Die allerhärtesten Hardcore-Camper sind diejenigen, die mit dem Fahrrad oder gar zu Fuß unterwegs sind. Unter ihnen trifft man Weltreisende, die schon Jahre so unterwegs sind. In der Regel junge Leute, die sich eine Auszeit gönnen, aber auch alte Zausel, die vom Abenteuer nicht lassen können. Die meisten gönnen sich aber einen kleinen Leihwagen oder einen Minicamper, in dem man wenigstens schlafen kann. Die echten Freaks mit dickem Geldbeutel fahren einen Superjeep, meist einen aufgemotzten Toyota Landcruiser mit Schnorchel und mit Dachzelt.
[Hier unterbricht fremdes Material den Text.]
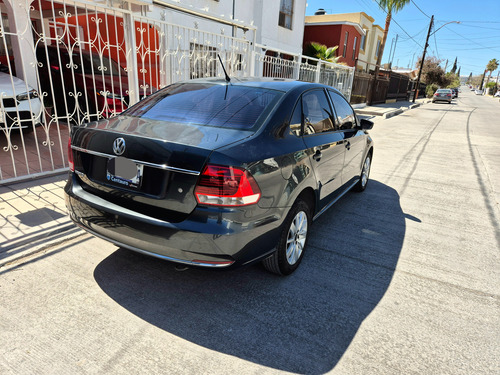 Volkswagen Vento 1.6 Confortline At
Wir selbst bildeten so etwa die „Mittelschicht“. Allrad-Pickup mit Zelt und einer Feldküche, in der es an nichts fehlte: Wasservorrat mit Handpumpe, Kochplatten aller Art für Strom und Kartuschengas und einem Lebensmittelvorrat für mindestens 3 Wochen. Darum hat man uns oft beneidet, wenn wir an unserem eigenen Tisch (Ladeklappe) saßen. Man sieht nur wenige Wohnmobile, die natürlich in dieser kalten und nassen Region in deutlichem Vorteil sind. Wohnwagen sieht man nur vereinzelt, sie sind für die isländischen Straßen ungeeignet, es sei denn, sie sind speziell für Offroad-Touren gebaut, auch das haben wir gesehen. Dann sind da noch die „Actionmobile“ auf Allrad-Lkw-Basis, die ein Normalverdiener aber kaum bezahlen kann. Sie treiben sich vereinzelt in allen Ecken des Landes herum, bevorzugt im Hochland.
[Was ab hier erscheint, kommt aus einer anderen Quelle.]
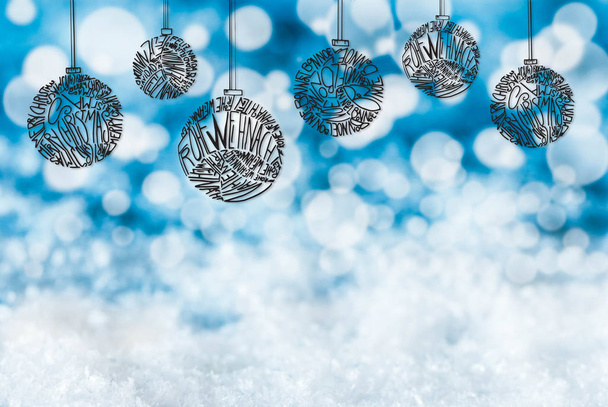 Χριστουγεννιάτικο δέντρο μπάλα στολίδι, μπλε φόντο, αντίγραφο χώρου - Φωτογραφία, εικόνα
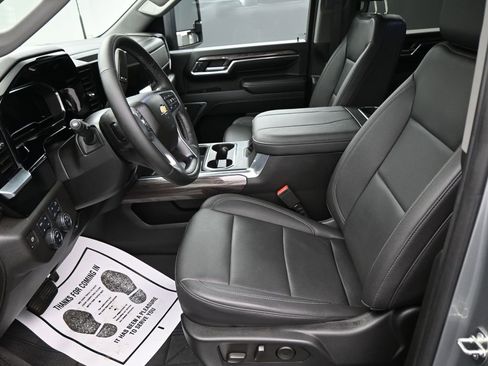 Used 2024 Chevrolet Silverado 2500 LTZ w/ LTZ Plus Package image 12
Obwohl wir mit einem gewissen Stolz alle Strapazen dieses Zelt-Camperlebens gut überstanden haben, empfehlen wir für eine Island-Campingreise einen kleinen Campingbus mit Schlafgelegenheit, Heizung und Kochmöglichkeit. Ein Vorzelt kann man sich auf jeden Fall sparen, darin ist es eh zu kalt oder es macht sich bei Sturm selbständig.
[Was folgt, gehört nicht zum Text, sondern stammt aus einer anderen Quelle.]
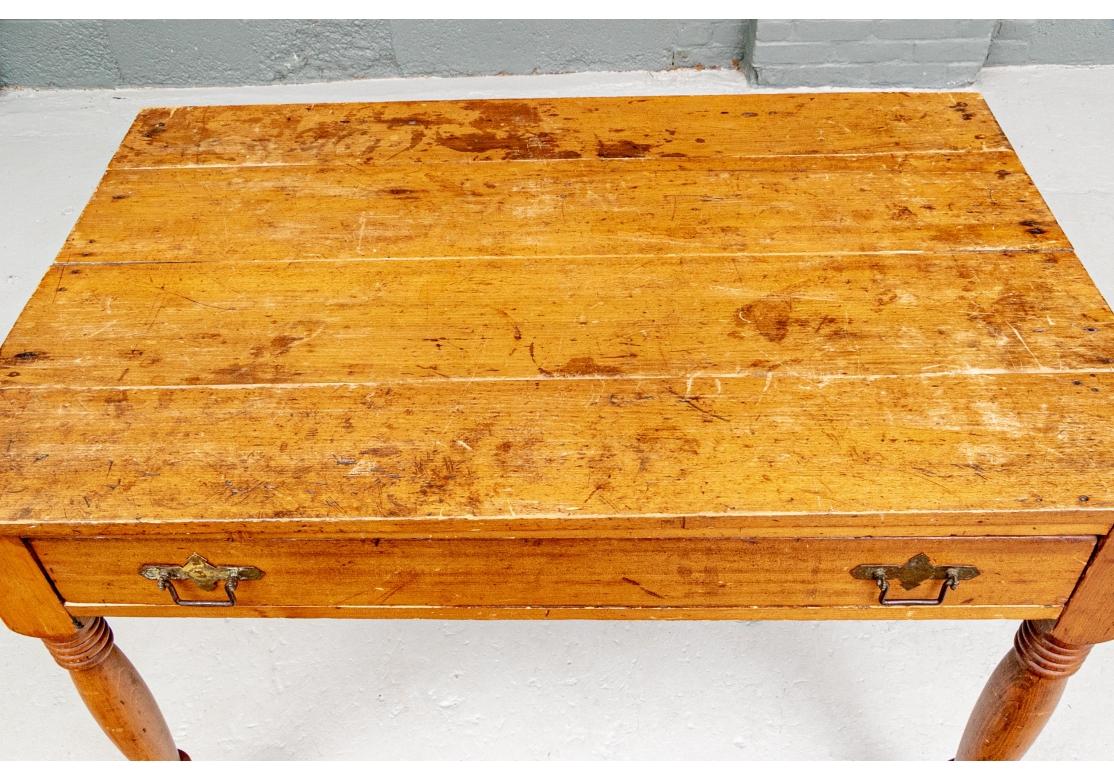 Table ou bureau en pin ancien avec pieds tournés et un seul tiroir en vente 4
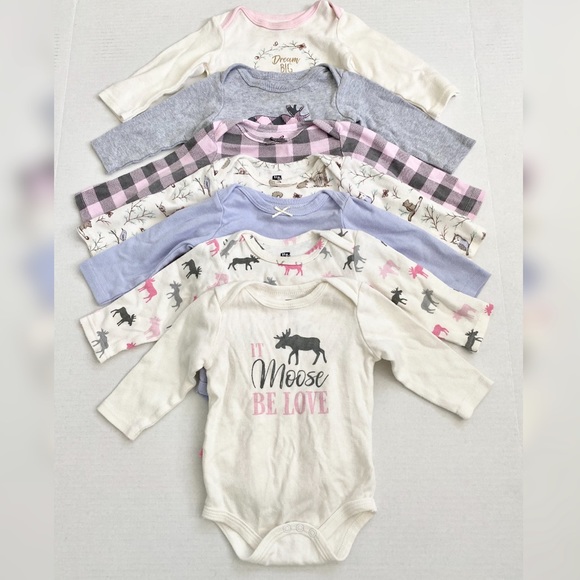 Other - ❌SALE❌ Baby girl long sleeve onesie bundle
Finanziell interessant ist die Nutzung eines eigenen Mobils, wenn es nacheinander von mehreren Familienmitgliedern genutzt wird. Dann kann man sich die Fährpassage teilen und billige Flüge nutzen. Eine zur Fährpassage preisgünstigere Alternative ist die Verschiffung des Mobils mit einem Frachtschiff und Flug nach Reykjavik. Für Kurzreisen bis 2 Wochen empfiehlt sich nur der Flug und ein Mietwagen. Dafür gibt es Pauschalangebote verschiedener Anbieter. Und wem das alles zu teuer ist, der muss eben zu Hause bleiben, allerdings entgeht ihm dann eine Traum-Abenteuerreise! Thats Iceland, my friend!